Baca Juga: Wujudkan Transisi Energi, PLN Siap Kerjakan Proyek PLTS Terapung Singkarak dan Saguling

"Nah, untuk mikrohidro tentunya memerlukan arus yang lebih deras. Agar arus sungai tetap terjaga, hutan sebagai penyimpan air tidak boleh hilang," kata Poltak.

Begitu berhasil, mikrohidro buatannya itu mulai dipergunakan untuk menerangi desa di daerah itu.

Kapasitasnya saat itu sekitar 5 kilowatt atau setara mengaliri listrik untuk 10 Kepala Keluarga. Sejak itu, Poltak mendadak terkenal. Permintaan untuk merakit PLTMH mulai berdatangan.

Selain dari Kabupten Kubu Raya dan Sintang di Kalimantan Barat dengan kapasitas daya 15 kilowatt, Poltak juga dipercaya membangun pembangkit mikrohidro dengan besar, 2 MW dengan biaya setara Rp16 miliar di Provinsi Bali dan Papua.

Puncaknya, pada 2015. Poltak diganjar penghargaaan dari Menteri Kelautan dan Perikanan, Susi Pandjaitan atas karyanya menciptakan pembangkit listrik berbasis mikrohidro.

Poltak yang merupakan mantan perambah hutan, berhasil mengubah wajah desa, semula gelap menjadi terang, sekaligus mengkampanyekan masyarakat untuk menjaga lingkungan.

Di tempat lain, bermil-mil jauhnya dari Desa Harapan Pampang, kasus serupa juga terjadi. Tepatnya di Desa Sungkung, Kabupaten Bengkayang.

Di desa ini, selain terpencil, listrik menjadi barang termahal. Masalahnya, sejak Indonesia merdeka, masyarakat di desa ini belum sama sekali dapat setrum listrik dari PLN.

Desa yang diapit dengan hutan dan arus sungai terbilang deras, membuka ide Amir, Kepala Desa Sungkung, kala itu memanfaatkan energi dari alam menjadi listrik dari PLTMH untuk masyarakatnya.

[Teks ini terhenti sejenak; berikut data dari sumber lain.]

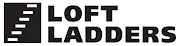 MT Loft Ladders Logo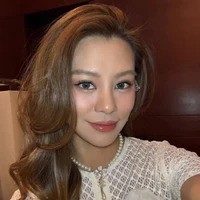 Bùi Lan Hương_bà hội đồng
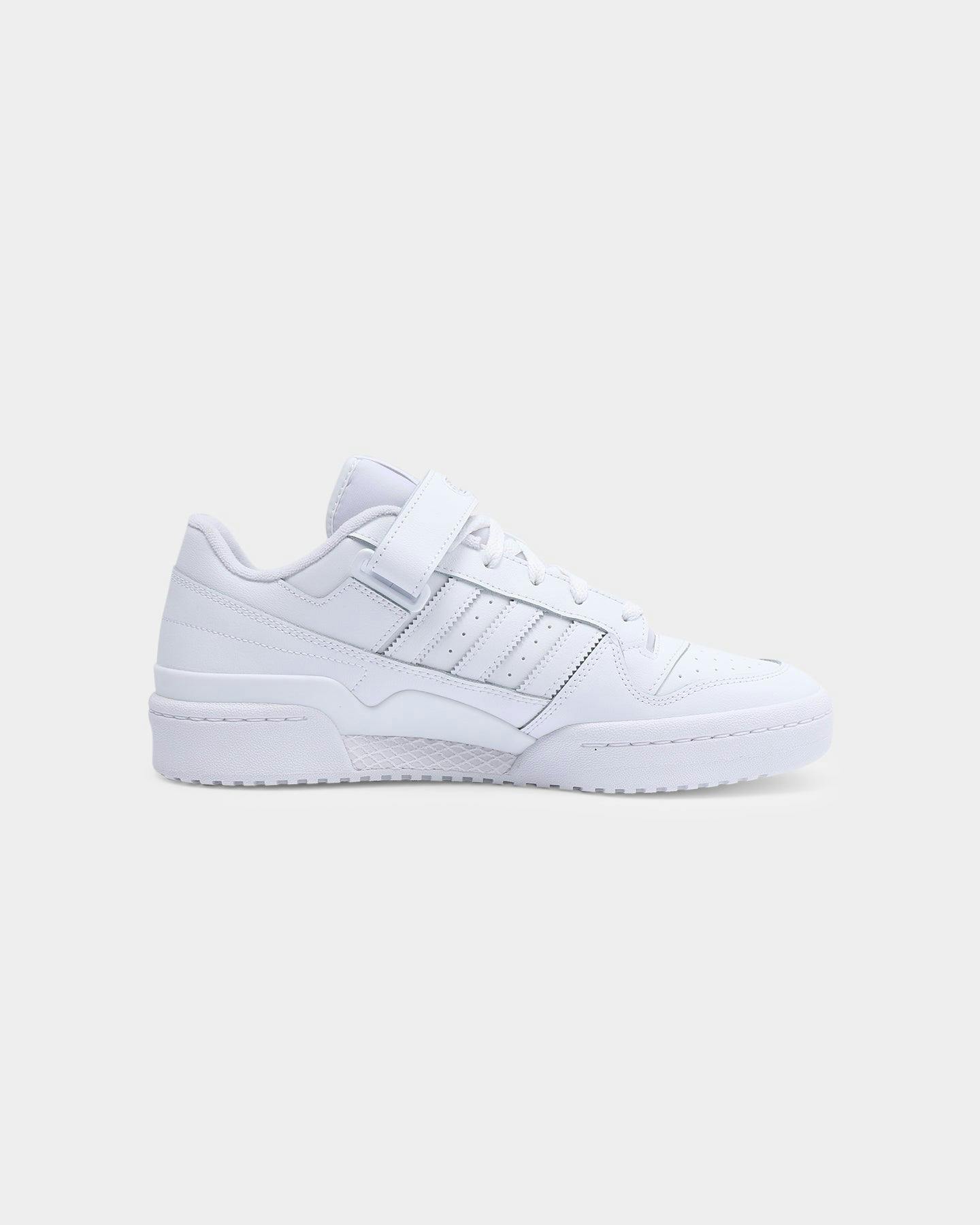on cloud white mens sneakers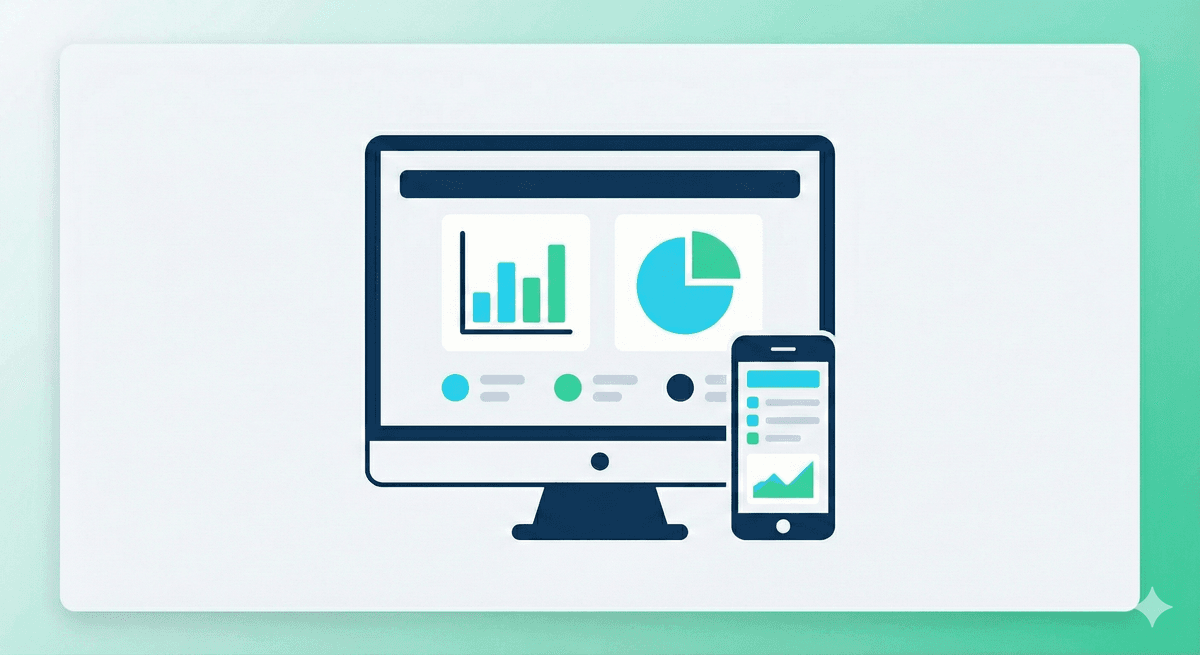 Desarrollo de Aplicaciones Web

"Kami membangun pembangkit listrik ini dari Dana Desa. Berangkat dari semangat gotong- royong. Mengubah dana yang kecil, ciptakan listrik sendiri, warga kami merasa sudah merdeka memerangi kegelapan," kata Amir.

Baca Juga: 8 Upaya PLN Kurangi Emisi Karbon Bakal Dipamerkan dalam SOE International Conference

Listrik dari PLTMH di Desa Sungkung ini dibangun pada 2018, dengan lama pegerjaan sekitar lima bulan.

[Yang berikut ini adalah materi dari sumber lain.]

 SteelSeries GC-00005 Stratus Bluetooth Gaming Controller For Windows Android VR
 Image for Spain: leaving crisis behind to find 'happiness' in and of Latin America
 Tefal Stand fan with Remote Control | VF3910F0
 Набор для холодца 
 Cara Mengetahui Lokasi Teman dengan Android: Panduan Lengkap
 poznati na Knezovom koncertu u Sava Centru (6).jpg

Ia menyebutkan, proses pengerjaan sama sekali tidak ada kendala. Bahan material dan mesin diangkut dari Bengkayang, hanya sampai ke pintu gerbang desa.

Selanjutnya, warga bergotong royong membawa material ke titik pembangunan, tepatnya di Sungai. Dari semangat kebersamaan ini, kini warga desa itu tak lagi krisis listrik.

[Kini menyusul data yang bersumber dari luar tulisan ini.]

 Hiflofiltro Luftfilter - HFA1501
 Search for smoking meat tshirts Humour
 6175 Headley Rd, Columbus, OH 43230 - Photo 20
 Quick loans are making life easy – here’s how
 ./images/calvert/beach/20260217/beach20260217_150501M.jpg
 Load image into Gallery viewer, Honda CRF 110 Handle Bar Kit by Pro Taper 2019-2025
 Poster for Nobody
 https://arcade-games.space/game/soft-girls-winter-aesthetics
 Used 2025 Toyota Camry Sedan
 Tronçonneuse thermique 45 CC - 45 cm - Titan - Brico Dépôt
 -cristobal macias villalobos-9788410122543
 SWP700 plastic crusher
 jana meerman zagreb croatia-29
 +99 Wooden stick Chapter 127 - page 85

Perjuangan masyarakat di dua desa di atas,  hanyalah contoh kecil untuk menjawab sejumlah problem, bahwa Kalimantan Barat, julukan “Kota Seribu Sungai”, masih banyak desa yang masyarakatnya hidup dalam kegelapan.

Data Dinas Energi dan Sumber Daya Alam Provinsi Kalimantan Barat, dari 10.000 desa di Pulau Borneo ini, masih ada 200 desa yang belum dialiri listrik.

Akses infrastruktur yang rusak dan terisolir hingga dukungan anggaran yang minim, menjadi problem besar, mewujudkan pemerataan jaringan listrik di seluruh pelosok desa.

Ketua Komisi IV, DPRD Kalimantan Barat, Subhan Nur mengatakan, dalam tiga tahun terakhir anggaran dari pemerintah pusat untuk pengembangan jaringan listrik desa minim.

Padahal, dalam lima tahun ini, target PLN akan mengaliri listrik 200 lebih desa dengan anggaran Rp5,5 triliun.

Tapi nyatanya, dukungan anggaran itu belum ditepati. Dalam kurun waktu itu, pemerintah pusat baru mengucurkan anggaran justru tak sampai satu triliun.

Teknologi Pemberdayaan

Lembaga Penelitian Indonesia dalam makalahnya, PLTMH ini merupakan salah satu alternatif solusi yang dapat menembus keterbatasan akses transportasi, teknologi, hingga biaya.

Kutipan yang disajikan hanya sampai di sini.